I feel really sad and lonely right now, and I don't care to hear about anything from anyone. My friend tells me she thinks I'm dependant on the one that I love, simply because I feel like shit when I'm away from her. Dependent huh? Well, my appologies, don't take this personally, ever, but fuck you. Fuck you all. I've got pain. I've got feelings. I'm not perfect. You guys make me out to be some type of fucking saint. Like I'm the best guy that's ever graced this planet. Ha. I laugh.

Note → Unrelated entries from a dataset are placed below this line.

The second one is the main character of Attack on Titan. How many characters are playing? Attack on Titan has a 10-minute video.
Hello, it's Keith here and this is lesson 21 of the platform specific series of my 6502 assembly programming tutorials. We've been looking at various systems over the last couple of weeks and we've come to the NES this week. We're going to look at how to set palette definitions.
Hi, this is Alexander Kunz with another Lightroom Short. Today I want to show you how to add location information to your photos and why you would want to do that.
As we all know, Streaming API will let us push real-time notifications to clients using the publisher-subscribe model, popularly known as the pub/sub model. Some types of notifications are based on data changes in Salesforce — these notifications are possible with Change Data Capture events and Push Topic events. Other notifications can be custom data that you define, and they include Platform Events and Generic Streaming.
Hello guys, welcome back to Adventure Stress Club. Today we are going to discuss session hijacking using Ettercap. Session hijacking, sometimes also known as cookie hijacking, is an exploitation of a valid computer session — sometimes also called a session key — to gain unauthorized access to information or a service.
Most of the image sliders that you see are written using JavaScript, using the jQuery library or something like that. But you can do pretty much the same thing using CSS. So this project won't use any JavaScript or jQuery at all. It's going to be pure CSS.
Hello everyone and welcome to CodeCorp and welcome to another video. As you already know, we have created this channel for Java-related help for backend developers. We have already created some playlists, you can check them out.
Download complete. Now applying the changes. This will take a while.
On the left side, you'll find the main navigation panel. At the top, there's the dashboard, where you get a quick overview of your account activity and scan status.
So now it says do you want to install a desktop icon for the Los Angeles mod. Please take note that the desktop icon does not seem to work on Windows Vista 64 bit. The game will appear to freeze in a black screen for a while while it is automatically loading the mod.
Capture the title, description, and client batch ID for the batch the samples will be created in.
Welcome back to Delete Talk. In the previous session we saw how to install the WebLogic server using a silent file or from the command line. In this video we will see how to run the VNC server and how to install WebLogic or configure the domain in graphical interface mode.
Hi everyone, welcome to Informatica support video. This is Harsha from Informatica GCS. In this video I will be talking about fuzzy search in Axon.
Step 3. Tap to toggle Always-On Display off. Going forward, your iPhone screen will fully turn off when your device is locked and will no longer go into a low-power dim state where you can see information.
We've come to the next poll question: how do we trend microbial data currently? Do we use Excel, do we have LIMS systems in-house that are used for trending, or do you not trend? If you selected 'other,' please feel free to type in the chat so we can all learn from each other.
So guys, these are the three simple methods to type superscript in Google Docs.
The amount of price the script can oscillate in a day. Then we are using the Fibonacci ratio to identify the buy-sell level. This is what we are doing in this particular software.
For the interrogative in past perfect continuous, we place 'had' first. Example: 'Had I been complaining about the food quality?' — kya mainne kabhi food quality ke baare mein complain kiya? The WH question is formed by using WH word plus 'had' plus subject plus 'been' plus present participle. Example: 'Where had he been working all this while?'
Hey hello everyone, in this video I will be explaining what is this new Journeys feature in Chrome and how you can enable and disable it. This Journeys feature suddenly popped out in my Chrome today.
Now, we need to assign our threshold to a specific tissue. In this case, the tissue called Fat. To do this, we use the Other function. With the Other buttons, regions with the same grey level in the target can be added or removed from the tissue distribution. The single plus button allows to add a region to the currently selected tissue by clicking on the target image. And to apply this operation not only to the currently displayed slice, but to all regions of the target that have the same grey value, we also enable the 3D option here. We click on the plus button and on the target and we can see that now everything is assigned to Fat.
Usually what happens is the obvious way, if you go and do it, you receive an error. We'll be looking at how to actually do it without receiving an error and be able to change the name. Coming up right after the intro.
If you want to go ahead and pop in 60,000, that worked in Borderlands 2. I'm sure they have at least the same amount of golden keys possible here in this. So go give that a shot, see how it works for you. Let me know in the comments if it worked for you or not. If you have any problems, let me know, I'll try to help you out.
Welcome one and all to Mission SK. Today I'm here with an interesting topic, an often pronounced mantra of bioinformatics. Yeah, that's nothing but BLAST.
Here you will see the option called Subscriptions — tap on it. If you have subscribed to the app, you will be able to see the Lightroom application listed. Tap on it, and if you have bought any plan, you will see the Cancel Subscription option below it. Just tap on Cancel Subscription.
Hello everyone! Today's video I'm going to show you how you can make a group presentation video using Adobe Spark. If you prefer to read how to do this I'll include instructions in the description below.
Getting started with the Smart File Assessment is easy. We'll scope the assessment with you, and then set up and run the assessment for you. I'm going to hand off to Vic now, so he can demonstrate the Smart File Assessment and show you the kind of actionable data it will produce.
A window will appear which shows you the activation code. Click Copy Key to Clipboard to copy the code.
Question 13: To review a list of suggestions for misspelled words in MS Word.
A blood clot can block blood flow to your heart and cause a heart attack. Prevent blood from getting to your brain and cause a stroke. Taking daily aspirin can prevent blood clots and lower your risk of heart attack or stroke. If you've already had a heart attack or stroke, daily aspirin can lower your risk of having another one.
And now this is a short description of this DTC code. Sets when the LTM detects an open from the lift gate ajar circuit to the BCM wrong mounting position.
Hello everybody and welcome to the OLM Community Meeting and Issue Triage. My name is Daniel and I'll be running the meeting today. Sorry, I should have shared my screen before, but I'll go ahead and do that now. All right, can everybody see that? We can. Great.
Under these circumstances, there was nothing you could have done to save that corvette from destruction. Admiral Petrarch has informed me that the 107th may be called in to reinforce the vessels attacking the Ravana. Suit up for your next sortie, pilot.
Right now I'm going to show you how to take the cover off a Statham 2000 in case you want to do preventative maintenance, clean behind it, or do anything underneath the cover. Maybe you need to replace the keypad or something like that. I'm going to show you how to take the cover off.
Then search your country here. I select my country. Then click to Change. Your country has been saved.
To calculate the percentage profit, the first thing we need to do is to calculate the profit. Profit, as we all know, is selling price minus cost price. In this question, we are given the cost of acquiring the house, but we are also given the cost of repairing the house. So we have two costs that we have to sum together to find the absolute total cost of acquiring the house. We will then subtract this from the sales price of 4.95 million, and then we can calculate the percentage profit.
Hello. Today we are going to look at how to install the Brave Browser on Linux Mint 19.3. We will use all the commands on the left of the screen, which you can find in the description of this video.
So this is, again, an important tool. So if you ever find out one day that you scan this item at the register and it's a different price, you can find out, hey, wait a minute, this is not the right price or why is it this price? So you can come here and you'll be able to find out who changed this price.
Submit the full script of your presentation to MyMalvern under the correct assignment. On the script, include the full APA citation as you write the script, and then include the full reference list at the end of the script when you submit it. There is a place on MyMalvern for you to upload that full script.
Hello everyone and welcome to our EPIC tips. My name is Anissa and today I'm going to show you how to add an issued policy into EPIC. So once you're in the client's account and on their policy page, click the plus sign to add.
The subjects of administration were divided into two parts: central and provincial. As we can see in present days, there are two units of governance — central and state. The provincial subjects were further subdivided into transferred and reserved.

What am I? I'm a guy who tries to the the best that he can with what he's learned, and with everything that he learns every fucking day of his life. What do I want? I want ONE THING! And I think about that one person's wants and needs and feelings over my own. Walk all over me. You don't, but you could. I feel like a bigger pile of shit now for backing away. Maybe I should have kept my fucking mouth shut, and pretended to be okay. I hold your hand and it means the world to me, but to you it is what it is. Holding hands. That's it. Period. Nothing more. A bullet in my fucking head. A bullet in my fucking head!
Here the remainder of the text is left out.